The more is think about the design of such a loss function module, the more I think one should distinguish between loss functions used for fitting/estimation and loss functions used for validation/comparison (modul sklearn.metrics). The reason is that fitting requires the most efficient code while model validation/scoring requires most interpretable code.

Example: The Poisson deviance has minimum at 0. This is nice for interpretation and allows to define an analog of R^2. But for fitting is is possible to omit some "constant" terms with the downside of not knowing the optimal point anymore.

rth · 2020-05-10T11:04:10Z

Example: The Poisson deviance has minimum at 0. This is nice for interpretation and allows to define an analog of R^2. But for fitting is is possible to omit some "constant" terms with the downside of not knowing the optimal point anymore.

Except that we do print the loss occasionally e.g. to monitor convergence, and if it doesn't match the the documented loss it can lead to confusion.

lorentzenchr · 2020-05-10T11:31:26Z

@rth Do you have a suggestion how to tackle this?
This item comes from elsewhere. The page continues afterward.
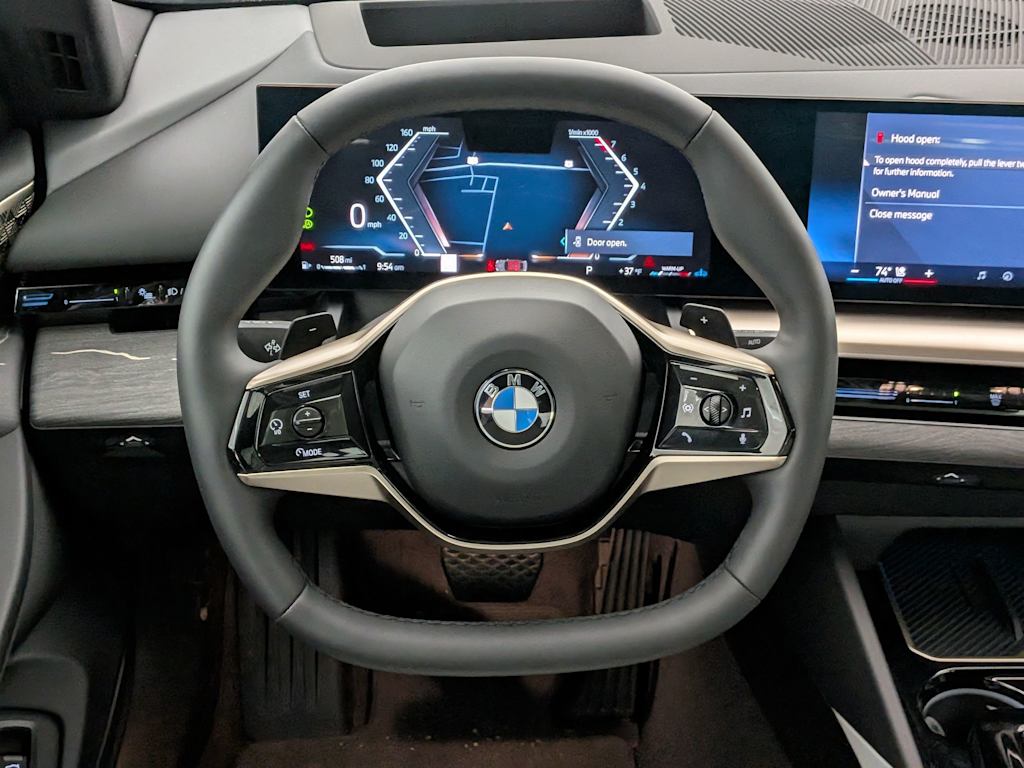 Thumbnail: 2024 BMW 5 Series - 14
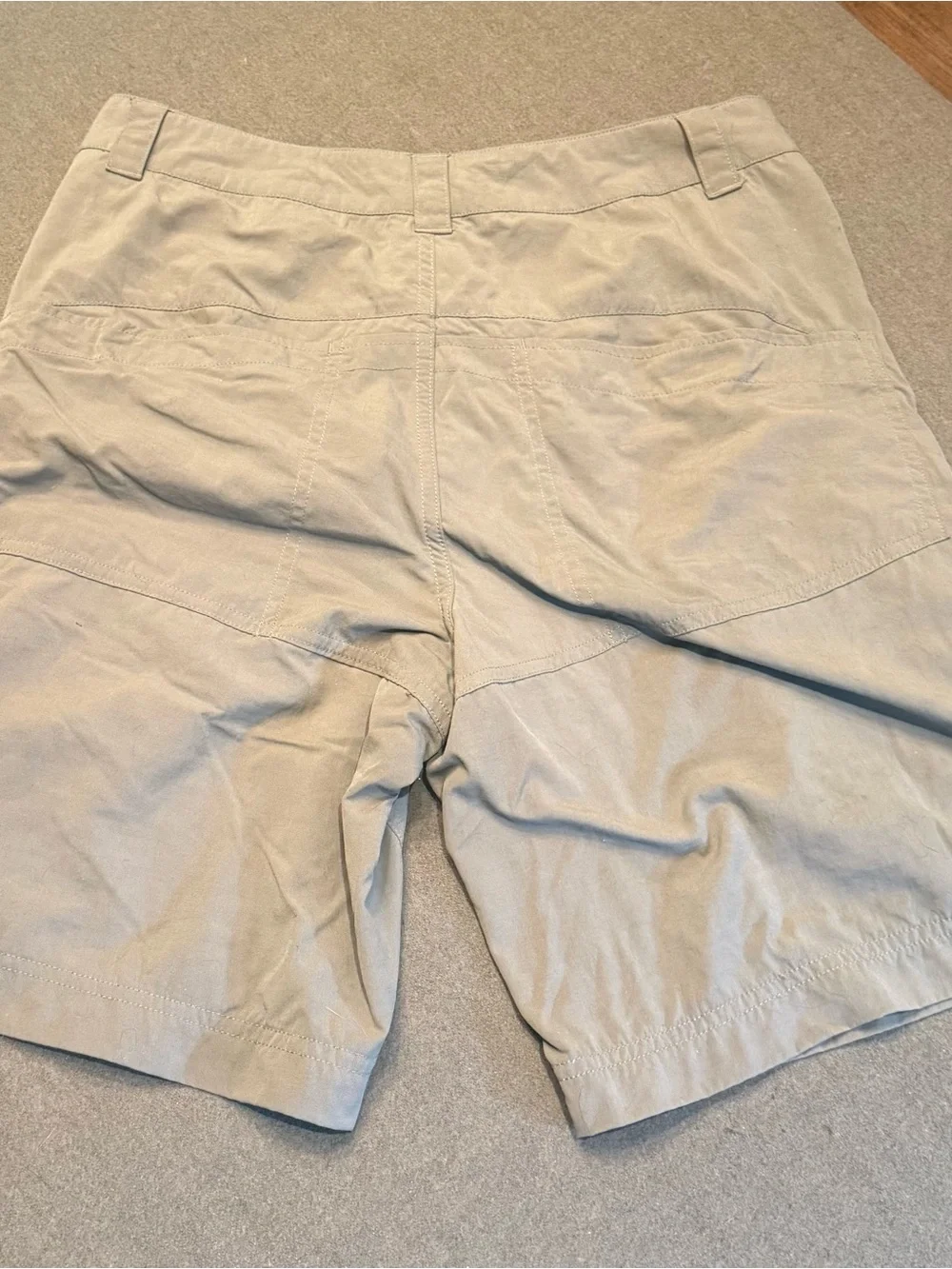 Mountain Hardwear Men's Cargo Shorts - Light Tan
Would it be enough to document the discrepancy?
Another example is the squared error: hgbt uses half squared error which gives nicer expressions for gradient and hessian, see

scikit-learn/sklearn/ensemble/_hist_gradient_boosting/loss.py

Line 154 in c36c104

This actually computes the half least squares loss to simplify

.

lorentzenchr · 2020-05-10T11:34:09Z

The main challenge, I think, is do define a common API. Some estimators expect single number output, others arrays. Some would like to use parallelized versions others the parallelism of their own, ...

lorentzenchr · 2020-05-10T11:40:34Z

Among my main motivations are:

easier generalization/adaption of losses for other estimators
implementation of efficient solvers for GLMs without code bloat

rth · 2020-05-10T12:21:28Z

Yes I think as long as used loss is documented it should be fine. It's a challenging project indeed :)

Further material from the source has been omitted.